The Americans lost six men killed and thirty wounded that unhappy night. Medics had to use shovels to recover the charred remains of one dead infantry soldier. The dismounts were especially shaken by the unnecessary losses because they were often so helpless, crammed into the rear of Bradleys. “I felt drained,” one of them said immediately after the self-inflicted killings. “I couldn’t believe something like that could happen. All dismounts . . . were scared. Not only do we have to worry about T72s and T54s and 55s but we have to worry about M1 tanks too. The soldiers had a numb look.” Father Kenehan assisted the medics as they treated one wounded Bradley crewman whose vehicle had been hit by American ordnance. “Part of his upper & lower lip on the right side was taken off & his jaw may have been broken.” Another soldier was beyond help. “I anointed him & prayed for the repose of his soul.”
5

In spite of the losses, the Big Red One controlled Objective Norfolk by daylight and the VII Corps avalanche rolled east, seeking to cut the Kuwait City-Basrah road that served as the main Iraqi route of retreat. The Tawalkana Division had, for the most part, ceased to exist. The 12th Armored Division, another enemy unit that stood in the way of the American advance, was also decimated. At 73 Easting and Norfolk, mech infantrymen often fought as veritable tankers, adapting themselves to a desert tank fight in which shells and missiles, not mortars or small arms, did most of the killing at impersonal distances of several hundred meters.

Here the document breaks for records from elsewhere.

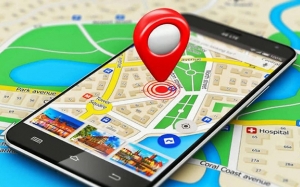 5 Penemuan Pelik Yang Berjaya Dikesan Melalui Google Maps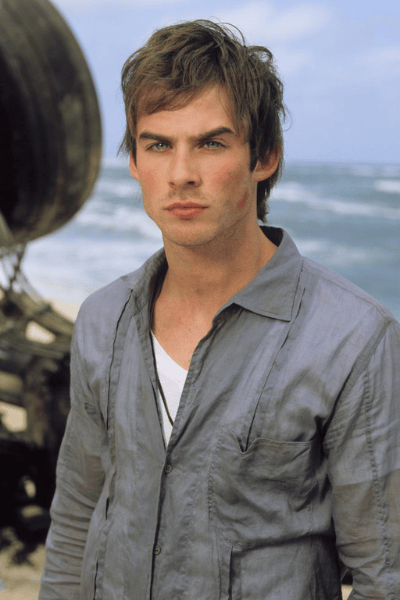 Boone Carlyle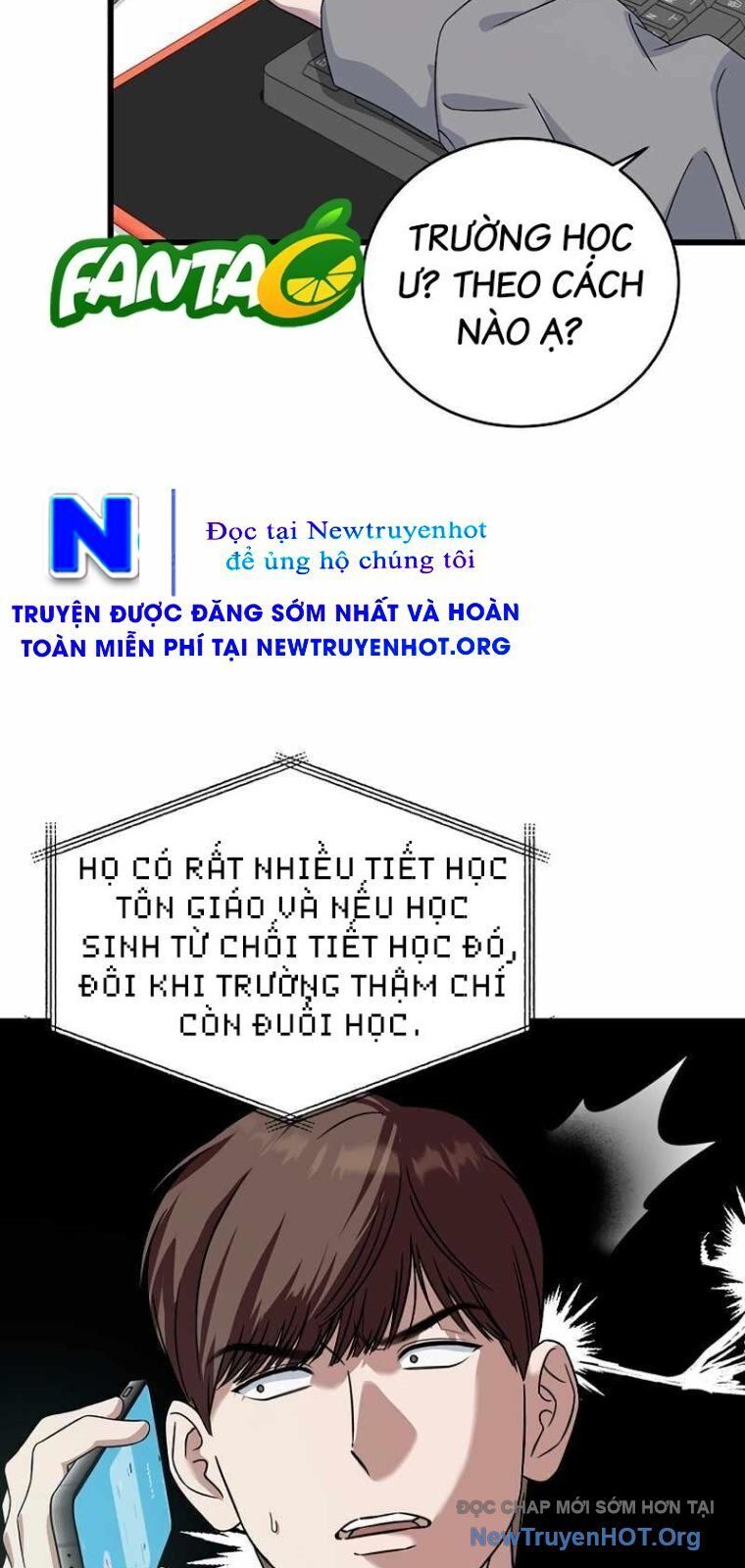 Đây Là Luật Chap 161 - Next Chap 162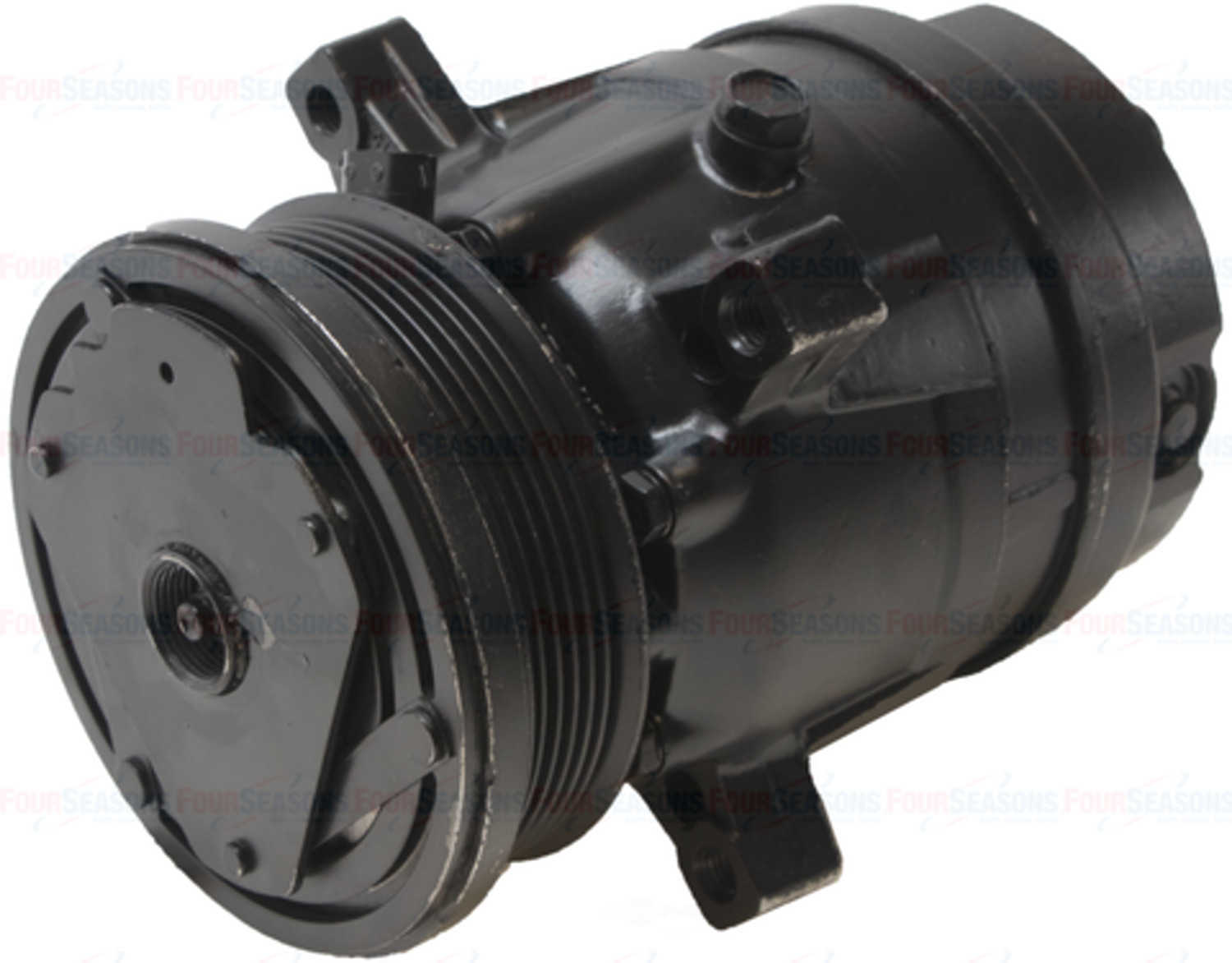 FOUR SEASONS - Reman Compressor - FSE - 57777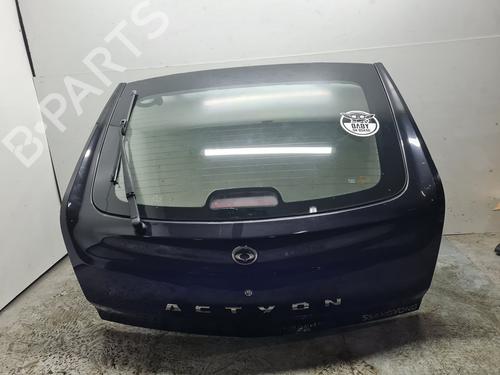Bakluke CC/Kombi-Kupé SSANGYONG ACTYON I  | BP21643011C6 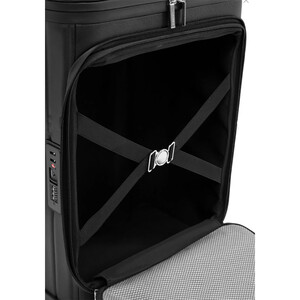 کیفیت چمدان چرخ دار مسافرتی بنج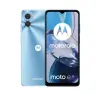 Смартфон Motorola E22 4GB/64GB Cristal Blue новый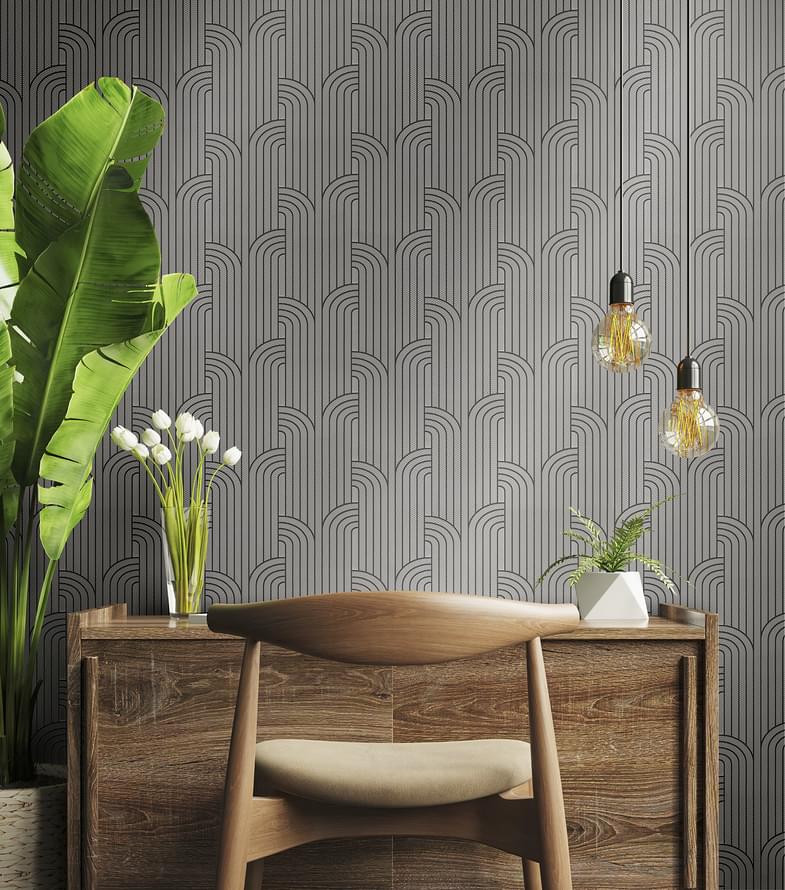 обои фабрики Zambaiti коллекция Vision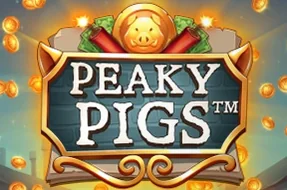 Peaky Pigs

As the VII Corps units attacked and overran the road, though, this was not always the case. In one instance, two platoons of Eleven Mikes from C Company, Task Force 3-41 Infantry, got the job of assaulting a heavily defended cinder-block police post on high ground that dominated a key portion of the road. Only riflemen could take this objective, known as the Al Mutlaa police station. Artillery, tank, and Bradley fire pounded the two buildings that comprised the police post. Iraqi soldiers fired back with rifles, machine guns, and RPGs. Finally, the grunts dismounted under a sky that was smeared with the ebony smoke of oil well fires—the Iraqis were burning Kuwaiti oil rigs as they retreated—and conflagrations from vehicles destroyed on the road by the Air Force.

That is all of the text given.